We chose to analyze specific years based on the characteristics of each influenza season: years with similar influenza severity and in temporal proximity to the mismatched season. We used years before paying out of pocket at grocery stores or pharmacies became common to limit exposure misclassification. Cohorts were created for the following influenza seasons: 1997, 1998, 1999, and 2001. Seasons were defined by the year in which vaccination began for that influenza season (eg, the 1997-1998 season was defined as 1997). These 4 seasons were used because of their similar severity and strain of influenza but with various levels of vaccine match.15,18- 20 We excluded the 2000 season to limit differences between seasons due to influenza severity; the predominant strain in the community in 2000 was a less severe strain (A/H1N1).21 We estimated the start of each influenza season by using national influenza surveillance data from the Centers for Disease Control and Prevention. We defined the start of the season as the midpoint of the first week during which more than 10% of the isolates were positive for influenza. A sensitivity analysis examined the effect of a less restrictive definition, with the start of the season defined as the week with 5% of isolates positive for influenza.

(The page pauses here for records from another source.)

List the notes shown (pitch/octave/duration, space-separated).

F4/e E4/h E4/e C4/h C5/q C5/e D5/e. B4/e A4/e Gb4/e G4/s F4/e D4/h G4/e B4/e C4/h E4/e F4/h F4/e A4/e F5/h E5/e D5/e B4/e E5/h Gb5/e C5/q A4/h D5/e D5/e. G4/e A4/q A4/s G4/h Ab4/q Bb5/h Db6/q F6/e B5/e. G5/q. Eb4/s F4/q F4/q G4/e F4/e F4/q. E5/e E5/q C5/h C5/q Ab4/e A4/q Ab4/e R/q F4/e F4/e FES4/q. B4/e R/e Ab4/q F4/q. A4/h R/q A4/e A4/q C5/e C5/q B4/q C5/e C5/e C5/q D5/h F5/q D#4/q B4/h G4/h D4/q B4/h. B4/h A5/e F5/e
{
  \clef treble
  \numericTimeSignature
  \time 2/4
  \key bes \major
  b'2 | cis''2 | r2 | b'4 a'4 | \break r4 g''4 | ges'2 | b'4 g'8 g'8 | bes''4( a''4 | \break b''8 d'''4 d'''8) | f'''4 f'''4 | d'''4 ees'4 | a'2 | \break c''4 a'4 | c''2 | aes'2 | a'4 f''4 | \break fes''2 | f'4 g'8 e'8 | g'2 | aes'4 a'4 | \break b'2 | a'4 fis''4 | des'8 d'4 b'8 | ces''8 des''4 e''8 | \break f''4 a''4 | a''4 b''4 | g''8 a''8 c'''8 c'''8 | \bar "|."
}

Medicare part A hospital/outpatient files and part B physician/supplier files were searched for Current Procedural Terminology codes 90724, 90656, and 90658-60 and Health Care Financing Administration Common Procedure Coding System codes G0008 and G8482. Because our study population is often hospitalized, we also searched for ICD-9-CM procedure code 99.52.
We examined the following 3 outcomes: all-cause mortality, hospitalization due to influenza or pneumonia, or ILI. Mortality was identified by the Centers for Medicare and Medicaid Services form 2746, the ESRD Death Notification Form. We searched the principal discharge diagnoses in the Medicare part A inpatient hospitalization files for the first instance of ICD-9-CM codes 480.xx through 487.xx to identify influenza/pneumonia hospitalizations. Inpatient and outpatient codes were searched to identify the first instance of ILI as classified by Lindsay et al22 (eTable 1). In a sensitivity analysis, we limited ILI to more specific codes by removing ICD-9-CM codes 465, 466, and 490.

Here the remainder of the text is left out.